Mom lifted her chin, her eyes focusing somewhere beyond the window as rope after rope splintered and broke.
“But really, you meant that you’d never forgive him. I mean, how could you know if I wouldn’t if you never told me?” My voice rose and I didn’t care. I clung to that anger like a life raft.
She swallowed and reached for a water bottle, then started chugging. Ironic that we handled our panic attacks the same way.
“Maybe she doesn’t understand,” Eva whispered.
“Allie, talking about Lina has always been hard on—” Anne started.
“I don’t care.” Rage colored my vision. “Why, Mom? Because you saw him—saw my feelings for him—as a threat? Realized that I had a year before I turned eighteen, and then you wouldn’t have control anymore, that Hudson would give me the strength to be who I was instead of who you wanted?” I stepped forward, but kept watch on the bottle in case she decided to throw it. “Or did you punish him—punish us—because he saved the wrong daughter?”
“Yes.” She swung her gaze to mine and crushed my heart in a one-word fist.
“Yes to which?” I demanded.
“He . . . Lina . . .” She shook her head. The muscles in her neck flexed, and she glanced beside me, to the picture on the wall. “Just. Left. My. Daughter.”
“I’m your daughter!” I shouted, slamming my hand over my chest.
She flinched.
“Anne”—I gestured to the couch—“is your daughter! Eva is your daughter! You had four daughters, Mom, not just one. Losing Lina did not give you the right to break us down so you could try to pour our pieces into her mold.” Snap. Snap. Snap. Ropes broke and others frayed.
“No.”
“Oh, right.” I nodded. “It was never her mold. It was yours. You wanted us to live out your dream, and you never once asked us what ours were. Did you even ask Lina if she wanted to keep Juniper? Offer her support? Or was that relationship just another casualty of your relentless selfishness?”
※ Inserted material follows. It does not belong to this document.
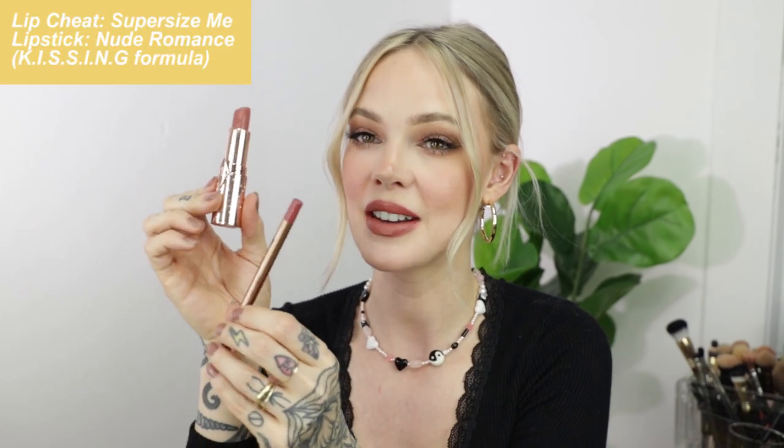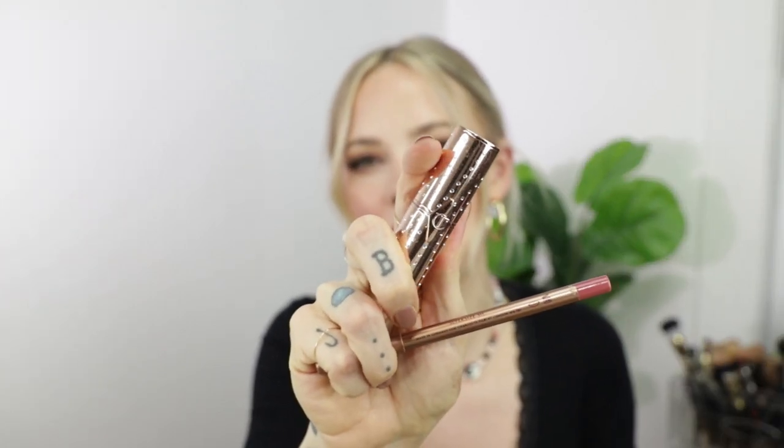The fourth lip combo is Charlotte Tilbury's Lip Cheat in Super Size Me and her Hot Lips in Nude Romance. I've already worn this bullet into the heart shape but it is so cute. If you imagine Stoned Rose's muted sister, this is it — a very grown-up nude lip combo with some rosiness and redness to it, so there's a pop to the lips but it's not too much. This combo is amazing for warming up the face if you're not feeling a bold lip but have a really light eye. And look at the packaging — I love well thought-out packaging, so thank you Charlotte for the gorgeous lipstick design.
“Lina.” She swallowed. “Wanted.” She shook her head like the thought was ludicrous. “Baby.”
My stomach lurched. “And you made her give her up?”
“You could have told us,” Anne said. “We would have helped her.”
“Too weak . . . to do . . .” She struggled for the words. “I. Made. Lina. Principal.” She lifted her left hand and jabbed it my direction. “And you.”
“You made me a guilt-stricken mess who only finds joy in dancing when I’m not with your precious company. These last few weeks have been the first time I’ve enjoyed it in years.” I seethed. “I never wanted the Company. I wanted out, to dance freelance all over the world, and you told me I owed it to Lina. You twisted my guilt for your purposes and told me I had to take the MBC contract, that it was my fault Lina had been out that night at all, and MBC wouldn’t be MBC without a Rousseau onstage.” The truth of that last sentence bit into me until I bled. “You twisted all of us. Lina kept her pregnancy a secret while you bribed Everett to make it easier to leave Juniper. Anne’s a damned lawyer who uses her degree to plan Company events because we all know if you aren’t dancing, you should support the ones who do, right? And Eva . . .” I laughed. “Eva stabbed me in the back and stole the role that had been created for me!”